The movie was reportedly screened in “Sikh International Film Festival of Toronto” in October 2014 and surprisingly it went unnoticed at that time. The festival was organized by Sikh Foundation of Canada.
But now many Sikh organizations have reacted sharply against the movie and the Shiromani Gurdwara Prabhandak Committee (SGPC) has also “disapproved” the movie.
Chaar Sahibzaade (2014) was first such movie depicting Sikh Guru, Guru Gobind Singh Ji and His family members, that was screened in cinemas. Still animation of Guru Gobind Singh ji was used in this movie, while the characters of Sahibzaadas, Mata Gujri Ji, Mata Sahib Kaur Ji and Mata Sundari Ji were played through live animation.

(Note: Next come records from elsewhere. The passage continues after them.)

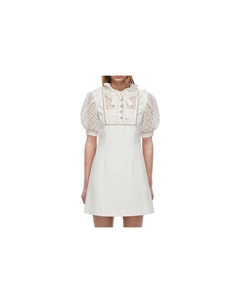 Женское белое платье с короткими рукавами, белый Self-portrait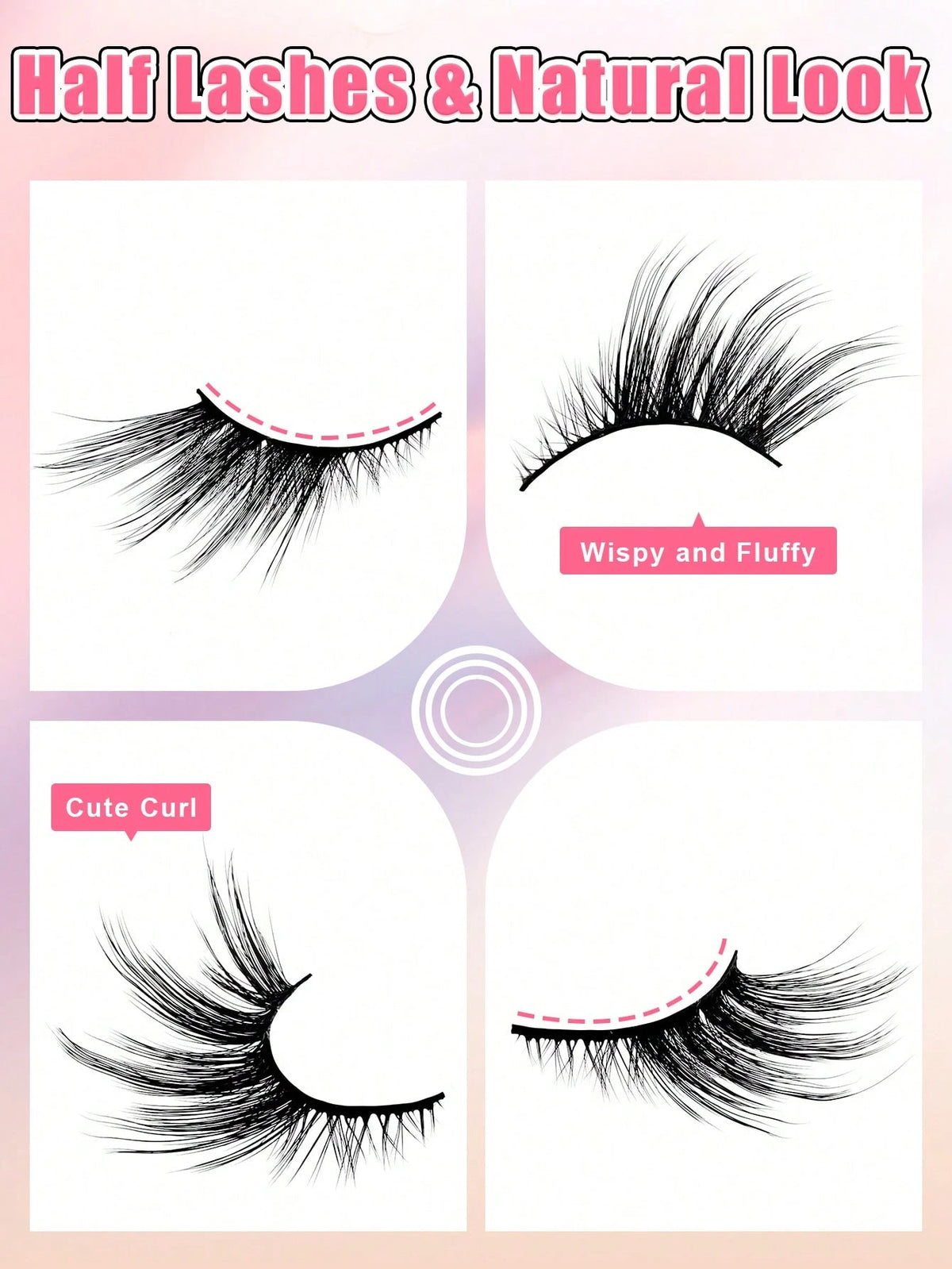 7 Pairs 15mm Cat Eye Effect Semi-Permanent Eyelashes, Extended Outer Corner, Natural Look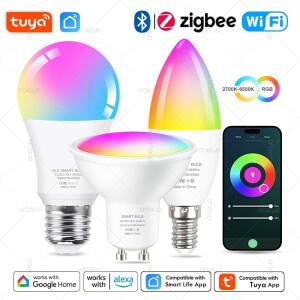 TUYA E27 E14 GU10 전구 와이파이 지그비 블루투스 밝기 조절 스마트 LED 램프 2700-6500K RGB LED 알렉사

If we look back we find that Chaar Sahibzaade was preceded by other cartoon movies on Sahibzaadas and Sikh Gurus.
“Sahibzaade” (2005) and “Moola Khatri” (2008) were such movies in which characters of Sahibzaadas and Guru Nanak Ji were shown. Alarms were raised by some Sikh organizations against these movies and SGPC and Akal Takht Sahib were urged to take notice of these movies. But, unfortunately, neither SGPC nor the then Jathedar of Akal Takht Sahib took any notice of this matter.
Next stage in depiction of Sikh Guru Sahibs was Chaar Sahibzaade. The movie received wider applaud from the global Sikh community. Surprisingly, the film was approved by Shiromani Gurdwara Prabhandak Committee (SGPC) and it was praised by Akal Takht Jathedar Giani Gurbachan Singh.
Sikh intellectual S. Ajmer Singh had raised serious concerns about depiction of Guru Gobind Singh Ji, Sahibzaadas and other members of Guru Sahib ji’s family in Chaar Sahibzaade moive.
Quoting Prof. Harinder Singh Mehboob, another Sikh author Vikramjit Singh (Australia) had termed the depiction of Sikh Gurus as “Roohani Khudkushi” (Spiritual Suicide).
Participating in Sikh Siyasat’s talk show, S. Ajmer Singh had expressed apprehension that recognition given to the Chaar Sahibzaade movie will open door more such attempts.
Had the panth taken notice of previous attempt, the makers of movies like “Nanak Shah Fakir” might not have headed with depiction of Guru Nank Ji. Even at this stage the Panth should seriously deliberate on this issue and take firm decisions.